DEV Community

Jeremy Friesen
Jeremy Friesen

Posted on • Originally published at takeonrules.com on

Commit Messages Do Matter

Responding to Those Who Say They Don’t

In Red Meat Friday: Commit Messages Don’t Matter, the author references Matt Rickard’s post Commit Messages Don’t Matter. Below is the Irreal quote:

Matt Rickard makes the case that commit messages don’t matter and that our time is better spent elsewhere. My personal policy is to give a hint as to what the commit does and leave the details to diff or other appropriate commands. Once you get out of code police mode, it’s pretty clear that Rickard is right. But, of course, none of us want to get condemned for apostasy so we pretend to agree with the received wisdom.

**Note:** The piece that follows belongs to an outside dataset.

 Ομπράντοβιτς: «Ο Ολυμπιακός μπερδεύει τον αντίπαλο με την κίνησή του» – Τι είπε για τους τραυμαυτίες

On the surface, I disagree with the above.

Commit messages do matter; they are your opportunity to create one more artifact for the future archaeological efforts of reconstructing context. Your chance to say the why, to paraphrase the what, and to connect to prior work.

Let’s dig in to where I agree and build out from there.

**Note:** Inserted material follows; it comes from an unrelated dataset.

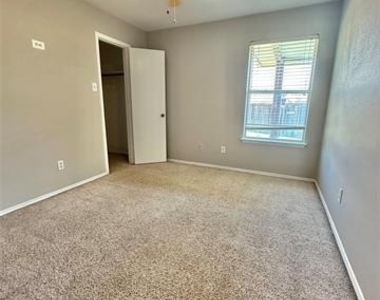 4905 Spur Ridge Court - Photo Thumbnail 13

From Matt Rickard: “pull requests are the de facto reviewable unit and workflows should probably be designed around them.”

The above alludes to an assumption of pull request via something like GitHub. But to generalize, let’s talk about them as change sets. The conversation around the change set is critical

The change set is what we are accepting into the code base. I like to think of the commit message as the cover letter for that change.

My personal philosophy of commit messages is to include the following:

  1. Short descriptive title.
  2. A statement of why the change.
  3. References to issues or other changes.
  4. Optionally a before and after description.
  5. Optionally the exception/call trace this commit addresses.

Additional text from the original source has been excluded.